The semi-reboot of season three—necessitated by any number of factors but mostly by the fact that DR, the Danish channel that produces the show, didn’t order a third season until fairly late in the process (and after international acclaim for the show had started to leak in—has hurt the show in these small ways, but if you’re willing to go with it, there’s still plenty that’s rewarding here. Refocusing so much of the show on the Birgitte and Bent relationship is a smart call, and I’m enjoying when characters like Phillip or Kasper drop in for a few minutes as their schedules allow. And I’m digging the scenes where Birgitte and Katrine just shoot the shit, because I enjoy these actresses’ performances so much. Katrine’s indoctrination in the other side of the Danish political system is also fun, particularly when she screws things up and then has to fret about whether she’s damaged them irreparably.

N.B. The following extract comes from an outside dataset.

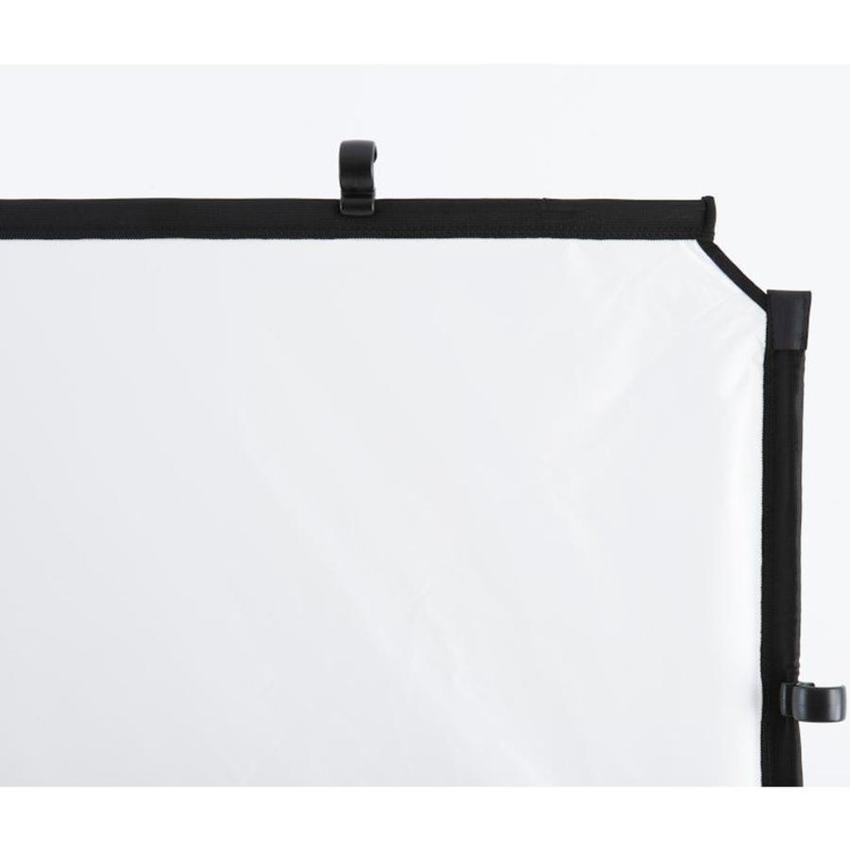 Manfrotto Rapid SkyLite Stoffbezug groß 2x2m 1,25 Blenden Diffusor (ohne Rahmen!)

But Borgen has rarely had too much trouble with its political half. It’s the personal stuff where the show has always struggled, and season three is off to a weaker start in that arena than usual, particularly with Katrine and her mother’s earnest discussions of what it is to be a working mother, which might as well come with a blinking sign that reads “MAJOR THEMATIC CONCERNS OF THE SEASON.” Jeremy has yet to become an entity, Katrine’s motherhood feels less like an organic development (as it probably should!) and more like a chance to once again root around in the question of whether anyone can have it all, and about the only thing I’m getting out of this is an excuse to hear Sidse Babbett Knudsen speak English more often (which, don’t get me wrong, is totally fine). I hate to sound down on an episode that I more or less enjoyed, but the directions it points in are ones that still have me a little unnerved.
Stray observations:
- The moment when Bent comes back and tells Birgitte that, okay, he’ll become a New Democrat, too, is so telegraphed but so satisfying. The show can do just about anything to these two, and their friendship still stands as a touchstone.
- Nete marvels at the way that the warehouse Birgitte bought looks like the one where they filmed that Coldplay video. Birgitte smiles indulgently, and Nete says, “Every Teardrop Is A Waterfall,” and I am very happy.
- Though I’m mostly uninterested in the Katrine is a mom plot so far, I liked the recurring use of the squeaky duck toy to suggest the responsibilities to her son that were always present, even when she was pursuing other opportunities.
- Speaking of Katrine, the moment when she tilts her beer bottle toward Kasper when he doesn’t betray the new party on Juul And Friis was a nice reminder of how good these two are together.
- Phillip donates new office furniture to the New Democrats. Everlasting devotion!